No Interfashion, duas décadas depois do desfile, Jum Nakao mostrou que suas inquietações na época continuam vivas e ainda mais urgentes. Para ele, a moda não deve se reduzir a vitrines e cabides. “A moda é uma possibilidade de reencontro das pessoas com elas mesmas. Ela perde a função quando não vivifica aquilo que as pessoas têm por dentro”, afirmou em entrevista exclusiva ao Plissê. Para ele, a roupa pode ser avatar, escudo e amplificador, mas jamais calar quem a veste.

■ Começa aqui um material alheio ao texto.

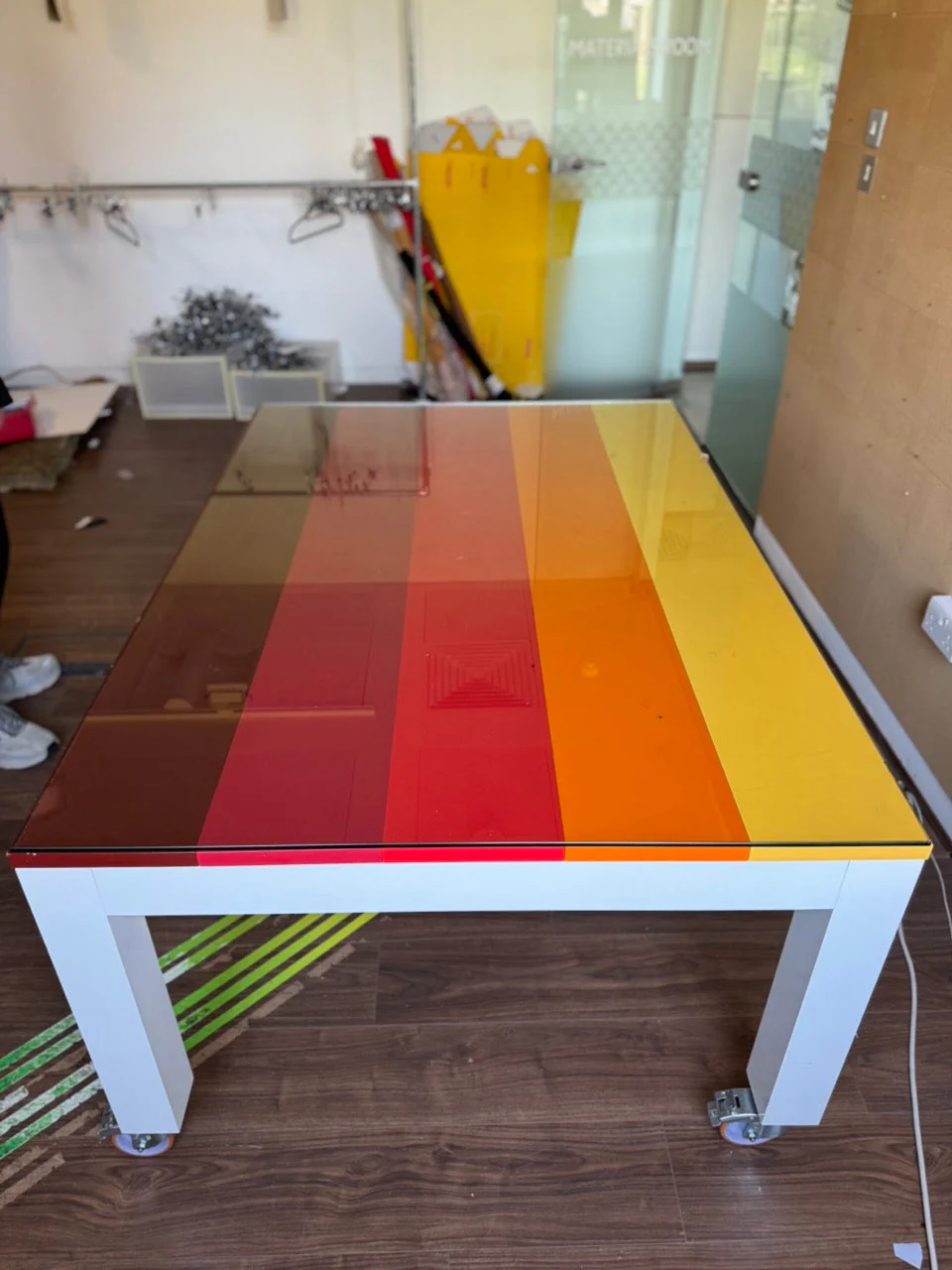 Bespoke striped colour block table with glass top - Image 2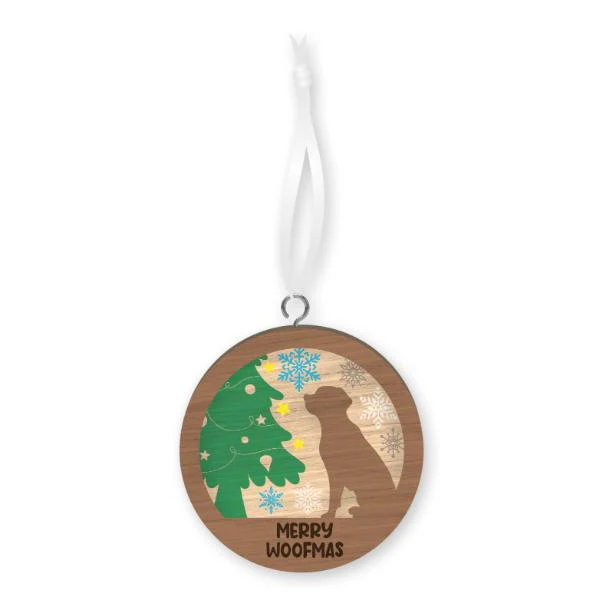 XMAS HANDMADE WOOD ORNAMENT - CHRISTMAS CAT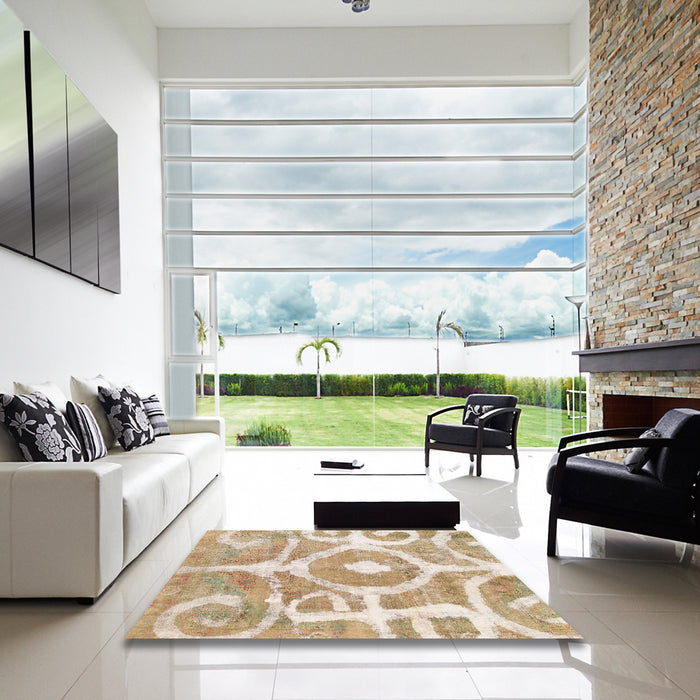 Square Abstract Desert Sand Beige Modern Rug in a Living Room, abs1092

O designer também refletiu sobre as rápidas mudanças, a efemeridade das tendências e o desafio de não se deixar levar. Em sua concepção, as trends são ondas inevitáveis, mas que exigem filtro e consciência. “É interessante compreender os fluxos, mas é preciso ser luz, e não apenas alguém levado pela maré”, explicou. Nakao acredita que cada indivíduo precisa encontrar, mesmo que em sintonia com o zeitgeist, uma linguagem própria, afinada pelo autoconhecimento e pela experimentação, para expressar o seu invisível.

Diante deste cenário, Jum compreende que o lúdico é o caminho para resgatar a individualidade, fugir do risco da uniformização de personalidades e devolver a humanidade para a moda. Em suas criações, a imaginação, o criativo e o uso do universo lírico não são uma fuga, mas uma estratégia para despertar a criança que ainda existe em cada um. “É assim que espero fazer com que as pessoas voltem a sonhar, rompendo a armadura e a dureza que quase toma conta de nós, e resgatando aquela parcela que ainda está viva na gente”, admitiu.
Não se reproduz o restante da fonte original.